We were making\using Makefile's for more than a half of century, so this is pretty much established practice by now. I don't see anything particularly new with such usage.

I'm okay with Makefile, Makefile.in, configure etc. as they are usually properly tracked by SCM, what I'm against is ad-hoc settings of env vars, cmd lines etc. out of tracking by well instructed workflows.

And for my preference of go.work over Makefile or the likes, I'd defend it with how ridiculous it would need to go, in making gopls (with VSCode as the IDE e.g.) support the setup well enough.

DmitriyMV commented 3 years ago

I'm okay with Makefile, Makefile.in, configure etc. as they are usually properly tracked by SCM, what I'm against is ad-hoc settings of env vars, cmd lines etc. out of tracking by well instructed workflows.

We can set GOFLAGS globally using go env -w so I'm unsure about env vars being ad-hoc.

complyue commented 3 years ago

We can set GOFLAGS globally using go env -w

I regard this a perfect reason in many cases "It works on my machine"TM, when others scratch their heads, even after followed the instructions.

I mean anti-reproducibility by ad-hoc.

nikandfor commented 3 years ago

Maybe my experience is not complete enough but the only problem I have working with multiple modules is forgotten/committed/commented replace directives in my go.mod file.

I don't like the idea of some auto detected files, recursive module search in some directory or forcing me to keep my repos in GOPATH fashion.

I believe the simplest (and so better) solution would be

move all workspace replace directives to a separate file (say go.work)
specify all the needed replaces explicit by hands
make enabling that file explicit by hands via flag or env variable
all replaces in that file overrides these in go.mod

So the default behaviour is the same as now: go.mod is used.

If you want to make changes in more than one module you put replaces to go.work and build as go run -workfile=go.work ./cmd/qwe or GOWORK=go.work go run ./cmd/qwe After you done you commit changes in dependent repos, make go get dependency@version and test in reproducible mode as go test ./....

In the end you have clean and beautiful go.mod. You never commit forgotten replaces. You are able to switch between default (reproducible) and workspace modes quickly and easy. You may have multiple workspace configurations and keep them for the next time. It's minimal changes to the go command. And the same could work in editors and tools like gopls (but you need to specify which work file to use, so env var probably fits better).

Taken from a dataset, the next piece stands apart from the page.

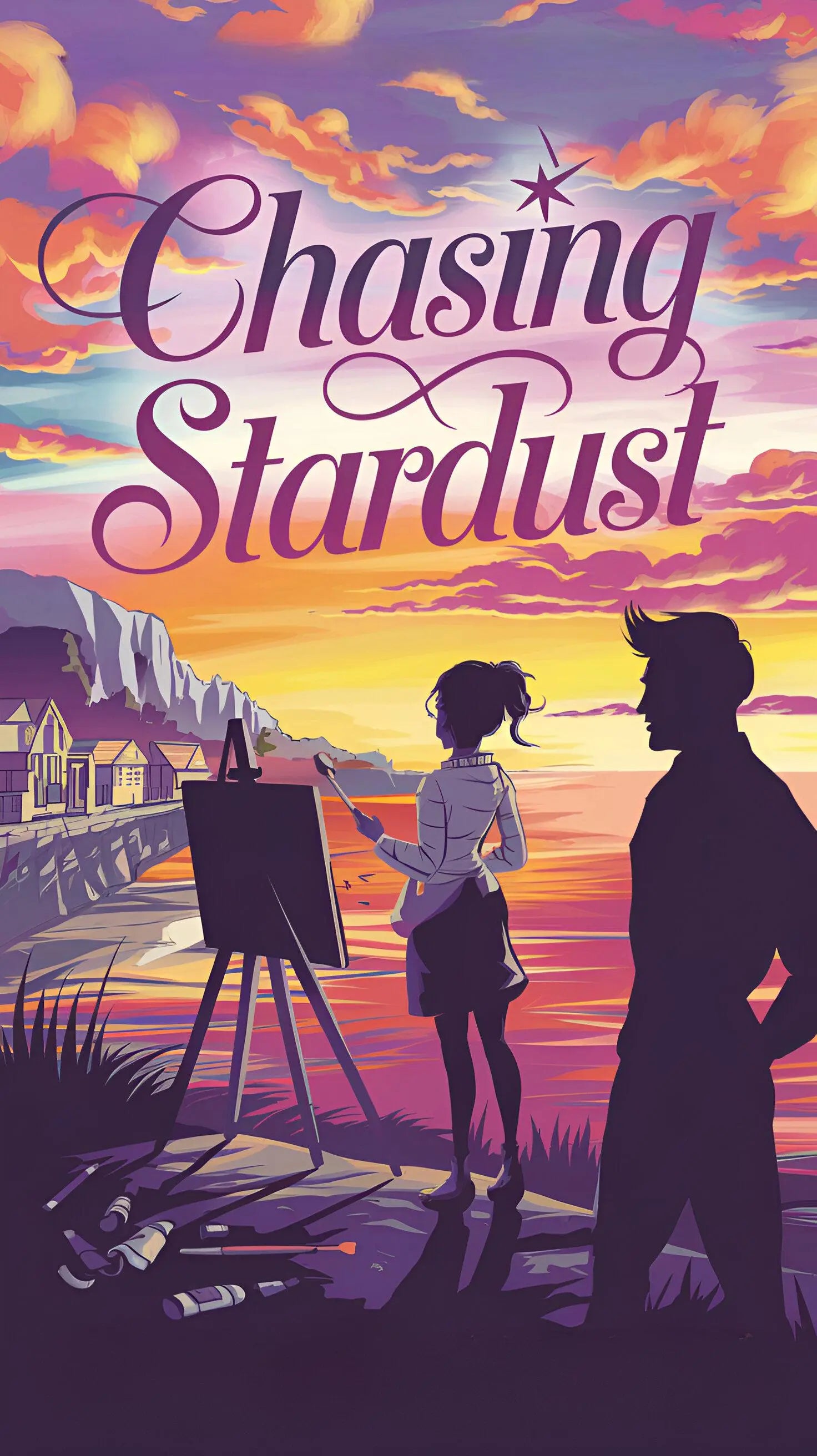 Chasing Stardust: A Journey of Healing, Love, and Finding One's True Self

earthboundkid commented 3 years ago

I don't think "go.world" is an outlandish hypothetical at all. The scenario is clear: a large company has a monorepo. Everyone using the monorepo uses a common go.work to get all of their modules working together. The large company acquires another large company with a monorepo (or the company is large some divisions are not communicating with each other, whatever). Now a worker needs to be able to use both monorepos because they're on the team that's trying to get the self-driving car to show banner ads. Suddenly, they need a go.world to bridge between monorepos.

Now, you can say, the company "shouldn't" have checked the go.work into the monorepos, but I don't really see why not or how you could stop them from doing it.

I much prefer a solution in which the only meta-package manager is go.mod, and if necessary, you can specify multiple go.mod files that stack in some way. You will still have problems when bridging monorepos, but at least the solution is clear (slap on another go.mod file in your build script) instead of coming back to the Go team and asking for a third level of indirection to be added to the go tool.